Hükümetin 17 Aralık’ta oluşan tutuklamalara ve göz altılara birer operasyon gözüyle baktığını, ulusal ve dış güçlerin darbe girişimleri olarak değerlendirdiğini ileri süren İHD Adıyaman Şube Başkanı Av. Osman Süzen, “Eğer darbeler zamanında soruşturmuş olsaydı, bugün halkın oyuyla iktidara gelen bir hükümeti devirmek için bazı güçler devreye girmemiş olacaktı. Aslında bugünde halkın yetki verdiği iktidarı devirmeye dönük bir müdahaleyle karşı kaşıyız. İktidar partisi en azından 17 Aralık operasyonunu bu şekilde değerlendiriyor. Bu olayların temelinde her zaman olduğu gibi darbelerin Türkiye’de araştırılmaması yatıyor. Bir diğer husus ise vesayet sistemidir. Türkiye’de herkes bir vesayet sistemini yani kendi anlayışını yerleştirmeye çalışıyor. Ergenekon, Balyoz davalarıyla çözüldüğünü düşündüğümüz vesayet sistemi bugün başka güçlerin eliyle tekrardan uygulanmaya çalışılıyor. Bugün yargı ve yürütme arasında bu vesayetin kalkması veyahut iktidar yarışı var. Bu iktidar olma yarışı bir takım alanlarda da çatışmalara neden oluyor. Eğer bir yargı ve bir Savcı, bu ülkede aldığı kararları yerine getirebileceği yürütmeyi ve polis gücünü kullanıp, yerine getiremiyorsa gerçekten burada tam bir çatışma yaşanıyordur. Bu olayların temeli bu darbeleri yeterince soruşturmamaktan, bu darbeleri yapanların yanına kar kalmasından kaynaklanıyor. 12 Eylül darbesinde Pirin Palas’ta yüzlerce Adıyamanlı işkencelerden geçirildi. Bu işkenceleri yapanlar halen yaşıyorlar ve bu kişilere bir şey denilmiyor” şeklinde konuştu.

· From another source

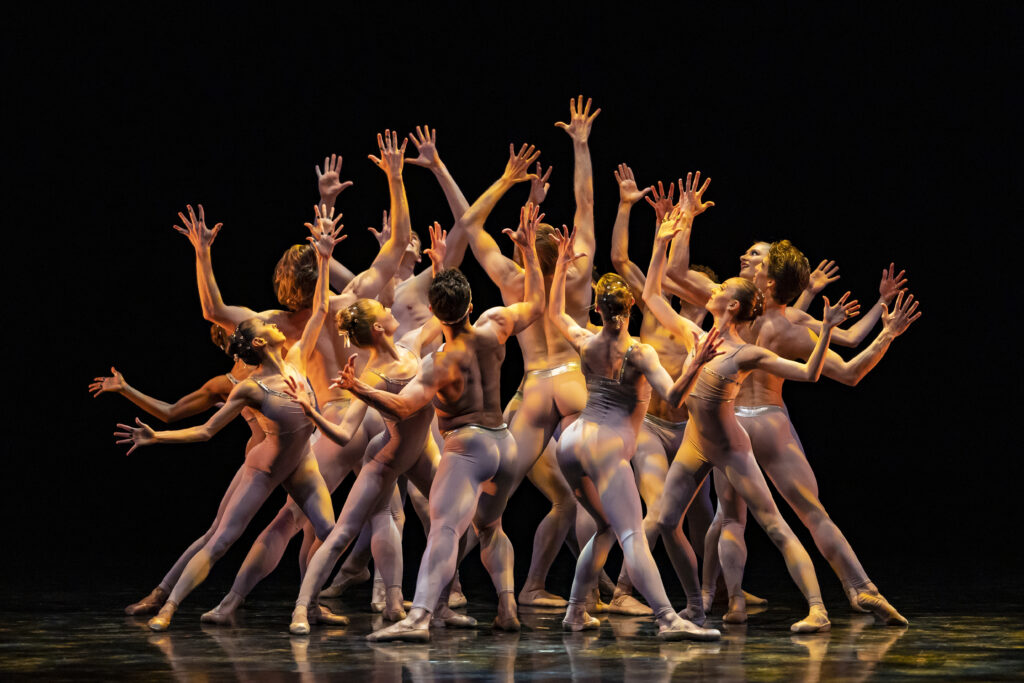 a large group of male and female dancers in grayish-nude unitards cluster in a group, each pointing their hips into the center of the cluster, in a lunge. they raise their arms, bent gently, to the sides and spread their fingers and palms wide.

“Keşke bu tür platformlar Adıyaman’da çoğalsa”
28 Şubat sürecinde birçok insanın mağdur olduğuna dikkat çeken Başkan Osman Süzen, “O dönemde özellikle bir kısım bayanlar başörtüsü nedeniyle okullarından atıldılar. Bir kısım öğrencilerin ise üniversitelerinin yolu kesildi. Bu olayların hepsi birer mağduriyettir. Bir kısım insanlar hakkında yalan, yanlış soruşturmalarla hükümler kuruldu. Bu nedenle darbecilerin peşinin bırakılmaması gerekiyor. Bundan ötürü ilimizde kurulan AGİP önemli bir platformdur. Keşke bu tür platformlar Adıyaman’da çoğalsa. Ve ülkeye dair sorunların çözümü noktasında çeşitli platformlar bir araya gelip, düşüncelerini ifade edebilseler, ortak bazı tepkilerle daha güçlü bir şekilde seslerini yükseltebilseler. Bu anlamda AGİP’in kurucularına çok teşekkür ediyorum. Umarım platform üyeleri çok daha da başarılı olurlar, ülkeye katkı sağlayacak bir takım yeni oluşumların kurulmasına öncülük ederler” ifadelerini kullandı.
“İnşallah 28 Şubat gibi süreçleri bir daha yaşamayız”
Haksen Adıyaman Şube Başkanı Mahmut Yaman ise şöyle konuştu, “28 Şubat post modern darbesi yakın tarihimizin yüz karası denilebilecek bir süreçtir. Ayrıca bu sürecin etkilileri halen devam ediyor. Her şeyden önce bu sürecin tekrarlanmaması bizim en büyük temennimizdir. Dönem dönem ülkemiz üzerinde bu tür oyunlar oynanmıştır.28 Şubat’ın özellikle bir kesimi hedef aldığını biliyoruz ama cumhuriyetin kurulması sürecinde mandacı- cumhuriyetçi sonrasında ise çağdaş-gerici, laik-antilaik, demokrat-antidemokrat, sağcı-solcu, Kürt-Türk, radikal-ılımlı ayrımları ve çatışmaları her zaman yaşandı. Ve her dönemde de bir kesim çok ciddi bir şekilde yara aldı. Bundan sonraki süreçte daha güçlü, yaşanılabilir, demokratik bir ülke arzu ediyoruz. Böyle bir yola doğru gittiğimizi düşünüyoruz. Ancak Türkiye’nin güçlenmesi, dünya gücü olması darbelerle olmaz. Darbeler ancak bu süreçleri geciktirir. Bu bağlamda da Adıyaman Genç İmam Hatipliler Platformu’nun (AGİP’in) attığı adım olumlu bir adımdır. Belki de 28 Şubatların bitmesi, bir daha yaşanmaması, önüne geçilmesi o sürecin karşısında dik durmakla mümkün olabilir. 28 Şubat gibi süreçlerin engellenmesi o sürecin etkin isimlerinin bildiklerini kamuoyuyla paylaşmasıyla olur. Böylelikle AGİP’in çalışmalarından ötürü başarılar diliyorum. İnşallah 28 Şubat gibi süreçleri bir daha yaşamayız. Ve AGİP gibi platformlarımızın da sayısı artar, hem Adıyaman hemde Türkiye için hizmet eden platformlarımızın olması bizi memnun eder.”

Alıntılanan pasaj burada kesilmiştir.